Tralee No. 15 – Poulgorm
This is the risk/reward short par 4 that I think every course should have. It deserves to be seen from above to appreciate this 267 yard hole.
This is what you see from the tee. The green is somewhere out there to the left well above the two bunkers. Dom advised hitting just a mid iron out about 150 yards and then there is just a wedge in. Sounds easy, but only one of us managed to get the Goldilocks shot required. Pete went too long and was blocked out by the huge mound. I went too short and still couldn’t see the green. Brian went too far right and had a long iron in. Only Don landed it in the right spot which is an area only about thirty yards wide, if that.
No. 16 – Shipwreck
The final par three is short, 138 yards and sweet and again all carry, but to a very large green.
Tralee No. 17 – Ryan’s Daughter
A simply spectacular looking par 4. Not long at 337 yards, but very tight. This is the last hole where the ocean is in view and you’ll want to look back along the strand and know that memories of playing this course will linger for a long time.

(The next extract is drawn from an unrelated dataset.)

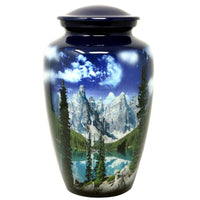 Mountain Theme Cremation Urn - IUTM146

This is the view from the tee box.
No. 18 – The Goat’s Hole
Arnie ends the course with this quite tame and short double dogleg 452 yard par five. Just avoid the traps and par is very doable.
I mentioned we had a match going – well here are the victors with Dom Lyne and I’m the one taking the photo. Congrats to Peter and Brian. I’m sure they never thought I’d say that in print.
However, nobody feels like a loser after playing Tralee. Thank you Arnold for designing this great gift to golf.